# LL-SYS2: Design Tiered Cache
Question Owner: Naga Bhanoori
Self-link: [go/llsys2](<http://go/llsys2>)
Presentation & video: Under construction!
## Overview
This is a design question that is open-ended. The goal here is to discuss potential approaches/tradeoffs to build a performant caching solution. We intend to ask the candidate to build a simple in-memory caching solution and we extend the problem statement to include concurrency, tiering, eviction etc.,.
Following are the expectations from the candidate:
* Come up with a simple solution and implement it in pseudo-code.
* Participate in design discussion around caching strategies, propose and iterate on initial design, solve technical challenges and communicate ideas clearly.
## Introduction
1. Set expectations with the candidate that this is a high-level design question, there will be follow up questions/extensions as the interview progresses forward.
2. Code need not be compiled/tested, we are looking for functionally correct pseudo code in a language of their choice.
## Question
* We have a data processing engine that reads/writes from/to a cloud store such as S3/ADLS/GCS. Reading data from the cloud store all the time can be slow.

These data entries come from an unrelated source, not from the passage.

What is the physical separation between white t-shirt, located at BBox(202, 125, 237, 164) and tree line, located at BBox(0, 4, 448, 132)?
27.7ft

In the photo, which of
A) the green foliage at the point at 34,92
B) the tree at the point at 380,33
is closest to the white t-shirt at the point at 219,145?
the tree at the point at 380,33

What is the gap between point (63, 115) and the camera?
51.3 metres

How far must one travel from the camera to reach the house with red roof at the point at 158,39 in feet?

* Build a simple, single machine in-memory cache. This cache can help improve performance of reads by avoiding cloud store requests.

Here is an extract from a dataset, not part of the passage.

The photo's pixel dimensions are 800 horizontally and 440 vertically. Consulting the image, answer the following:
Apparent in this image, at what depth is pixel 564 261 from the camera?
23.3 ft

* The cache can only use fixed memory space (10 GB for example).
// Implement following APIs using in-memory cache. You can leverage // cloud_store::get() and cloud_store::put() to access cloud store.
Read(Key)
Write(Key, Val)
**Assumptions (Please provide this info only based on discussion or questions from candidate):**
1. Our use case is, we ingest data continuously every day, but most of the time data that is read is from the last week.
2. Our workload characteristics are 66% read and 34% writes.
3. Writes are always for new keys, we don't modify the same key-value pair.
4. Fixed sized writes (4 MB) for all objects.
### Part 1: Implement Read/Write APIs with In-memory Cache (No concurrency).
We expect pseudo-code for Read/Write APIs from our processing engine. Ask the candidate about caching policy. Common answer is LRU (though at this stage of the interview, any policy is ok). We don't expect candidates to implement the policy, but we expect them to explain the details of how it works and why they picked that.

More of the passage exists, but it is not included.